**Exercise data**

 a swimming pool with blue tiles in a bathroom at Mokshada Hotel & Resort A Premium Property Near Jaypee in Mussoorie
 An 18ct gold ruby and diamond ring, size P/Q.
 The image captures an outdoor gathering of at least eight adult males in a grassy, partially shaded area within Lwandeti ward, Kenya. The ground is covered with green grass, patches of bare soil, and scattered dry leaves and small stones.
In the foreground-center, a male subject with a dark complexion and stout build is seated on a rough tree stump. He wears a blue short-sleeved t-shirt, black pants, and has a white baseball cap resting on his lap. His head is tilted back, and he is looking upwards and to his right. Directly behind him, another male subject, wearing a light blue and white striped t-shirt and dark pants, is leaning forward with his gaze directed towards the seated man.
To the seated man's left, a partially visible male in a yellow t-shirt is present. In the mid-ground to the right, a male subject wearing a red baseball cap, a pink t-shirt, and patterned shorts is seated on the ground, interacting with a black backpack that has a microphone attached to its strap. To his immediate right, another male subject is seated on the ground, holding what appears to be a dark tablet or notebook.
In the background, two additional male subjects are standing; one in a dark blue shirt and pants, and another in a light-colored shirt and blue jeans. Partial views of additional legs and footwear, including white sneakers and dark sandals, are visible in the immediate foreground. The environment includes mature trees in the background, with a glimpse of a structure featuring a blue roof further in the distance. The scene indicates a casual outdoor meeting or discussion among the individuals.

--

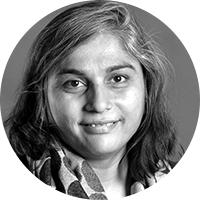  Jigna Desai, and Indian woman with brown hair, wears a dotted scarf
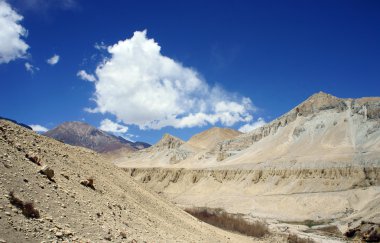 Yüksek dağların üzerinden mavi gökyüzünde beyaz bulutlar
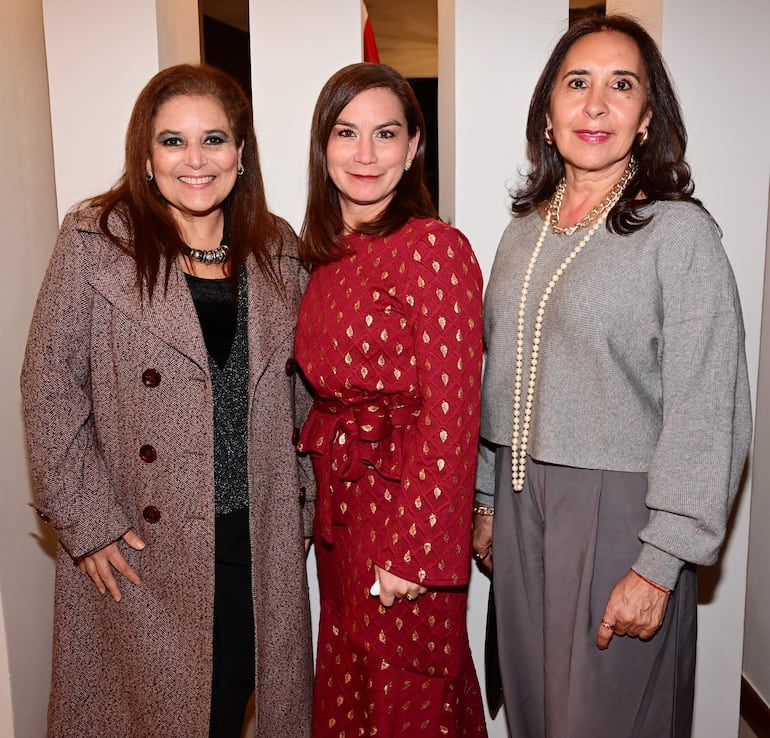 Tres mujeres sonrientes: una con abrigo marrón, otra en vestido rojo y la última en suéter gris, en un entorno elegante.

* * *

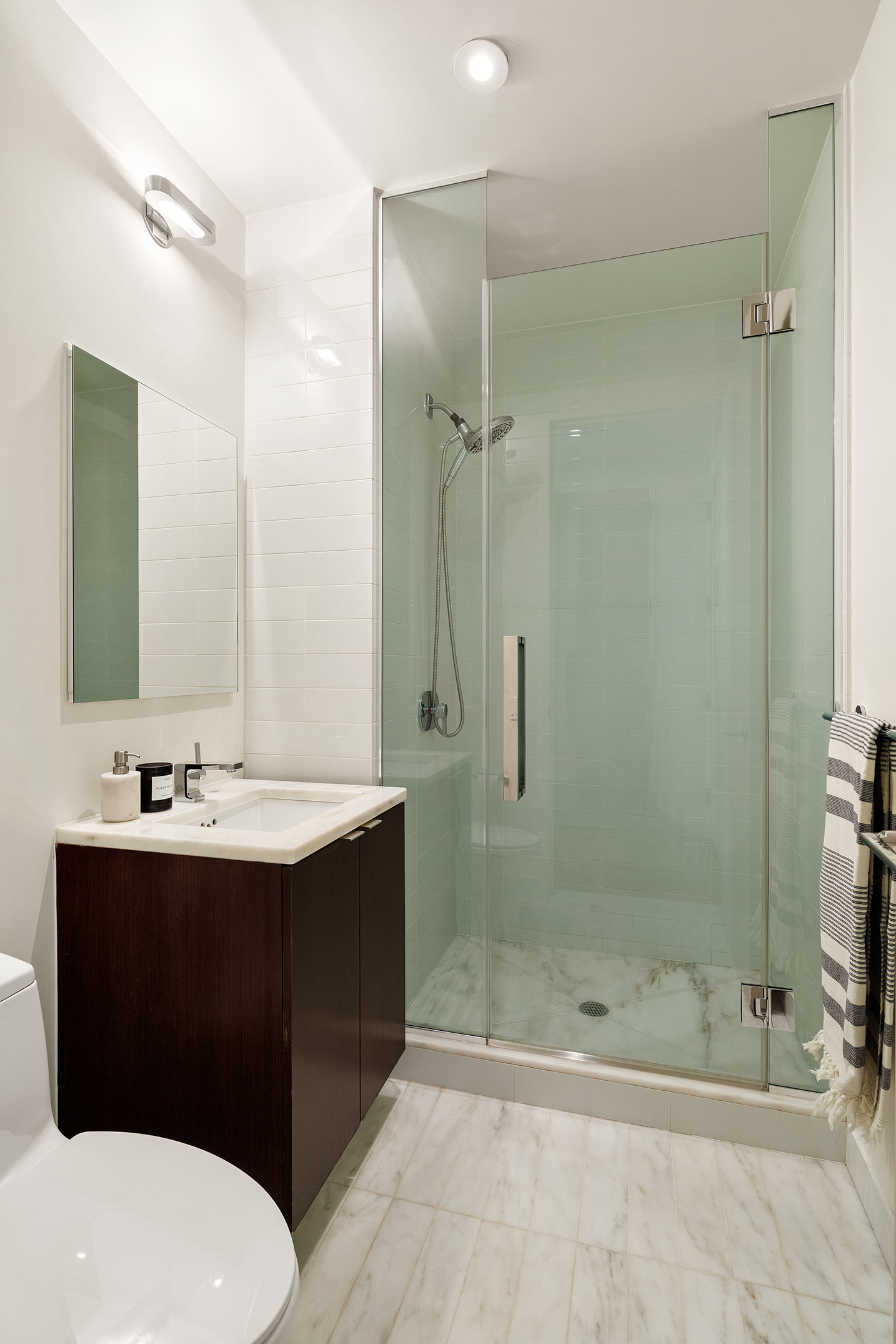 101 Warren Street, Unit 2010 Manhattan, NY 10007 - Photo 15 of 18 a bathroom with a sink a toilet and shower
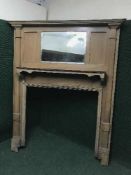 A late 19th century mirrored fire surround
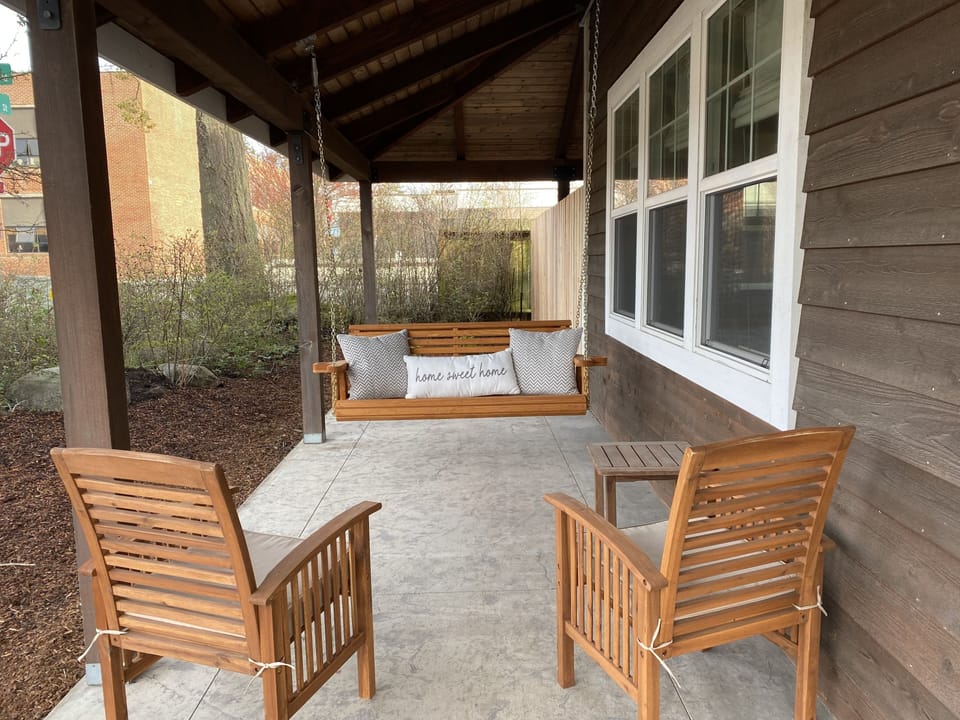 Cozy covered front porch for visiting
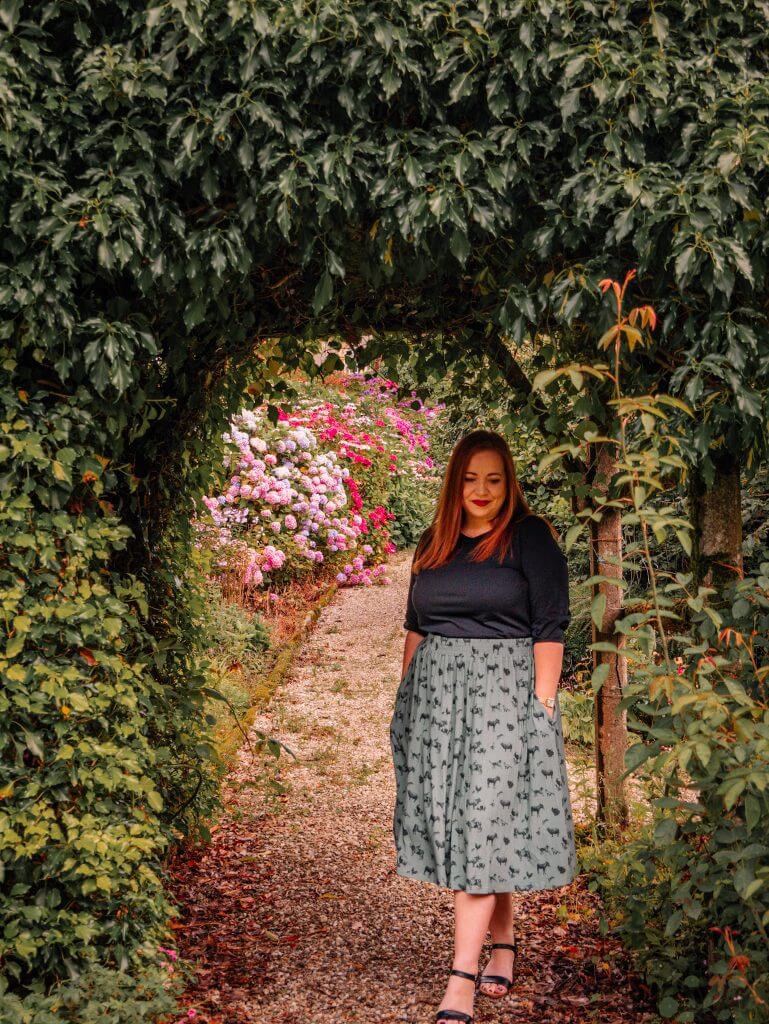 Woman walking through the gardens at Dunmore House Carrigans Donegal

**Instructions to follow**
Write down, word for word, the lines above from the one containing "a swimming pool" through the one containing "The image captures", both ends included.

**Result of the task**
 a swimming pool with blue tiles in a bathroom at Mokshada Hotel & Resort A Premium Property Near Jaypee in Mussoorie
 An 18ct gold ruby and diamond ring, size P/Q.
 The image captures an outdoor gathering of at least eight adult males in a grassy, partially shaded area within Lwandeti ward, Kenya. The ground is covered with green grass, patches of bare soil, and scattered dry leaves and small stones.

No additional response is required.